-- EXERCISE MATERIALS --
================================

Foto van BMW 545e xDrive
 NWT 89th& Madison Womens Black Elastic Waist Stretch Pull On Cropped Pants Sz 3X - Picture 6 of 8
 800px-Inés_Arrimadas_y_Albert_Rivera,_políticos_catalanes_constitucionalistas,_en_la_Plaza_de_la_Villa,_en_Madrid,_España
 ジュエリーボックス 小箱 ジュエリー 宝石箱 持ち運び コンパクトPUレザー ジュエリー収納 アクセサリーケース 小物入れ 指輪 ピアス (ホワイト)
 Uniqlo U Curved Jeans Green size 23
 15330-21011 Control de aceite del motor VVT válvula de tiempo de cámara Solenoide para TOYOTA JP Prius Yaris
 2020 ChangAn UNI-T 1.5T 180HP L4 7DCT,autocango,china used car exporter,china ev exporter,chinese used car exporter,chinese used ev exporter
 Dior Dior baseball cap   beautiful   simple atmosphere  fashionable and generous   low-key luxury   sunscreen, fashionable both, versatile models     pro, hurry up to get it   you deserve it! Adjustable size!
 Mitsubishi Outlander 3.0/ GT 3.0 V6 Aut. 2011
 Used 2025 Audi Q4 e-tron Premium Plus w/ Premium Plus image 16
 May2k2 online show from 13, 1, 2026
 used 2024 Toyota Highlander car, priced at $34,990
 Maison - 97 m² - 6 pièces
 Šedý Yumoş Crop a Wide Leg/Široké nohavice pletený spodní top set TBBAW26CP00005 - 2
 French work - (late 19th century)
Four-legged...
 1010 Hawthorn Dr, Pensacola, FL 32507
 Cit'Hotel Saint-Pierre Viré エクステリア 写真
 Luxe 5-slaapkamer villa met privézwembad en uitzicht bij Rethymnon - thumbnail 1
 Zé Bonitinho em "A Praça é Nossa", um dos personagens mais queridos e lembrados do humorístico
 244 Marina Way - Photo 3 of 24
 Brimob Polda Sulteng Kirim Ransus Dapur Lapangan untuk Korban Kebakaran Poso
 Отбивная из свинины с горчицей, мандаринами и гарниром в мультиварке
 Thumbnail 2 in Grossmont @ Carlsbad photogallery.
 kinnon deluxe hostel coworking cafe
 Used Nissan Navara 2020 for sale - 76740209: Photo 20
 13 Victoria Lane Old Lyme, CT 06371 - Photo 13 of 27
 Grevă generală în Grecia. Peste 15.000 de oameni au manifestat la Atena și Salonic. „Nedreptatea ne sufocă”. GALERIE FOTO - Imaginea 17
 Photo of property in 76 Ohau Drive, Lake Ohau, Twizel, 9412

================================

-- WHAT TO WORK ON --
Send back exactly the lines from the line with "Zé Bonitinho em" through the end of the records.

-- WRITTEN ANSWER --
 Zé Bonitinho em "A Praça é Nossa", um dos personagens mais queridos e lembrados do humorístico
 244 Marina Way - Photo 3 of 24
 Brimob Polda Sulteng Kirim Ransus Dapur Lapangan untuk Korban Kebakaran Poso
 Отбивная из свинины с горчицей, мандаринами и гарниром в мультиварке
 Thumbnail 2 in Grossmont @ Carlsbad photogallery.
 kinnon deluxe hostel coworking cafe
 Used Nissan Navara 2020 for sale - 76740209: Photo 20
 13 Victoria Lane Old Lyme, CT 06371 - Photo 13 of 27
 Grevă generală în Grecia. Peste 15.000 de oameni au manifestat la Atena și Salonic. „Nedreptatea ne sufocă”. GALERIE FOTO - Imaginea 17
 Photo of property in 76 Ohau Drive, Lake Ohau, Twizel, 9412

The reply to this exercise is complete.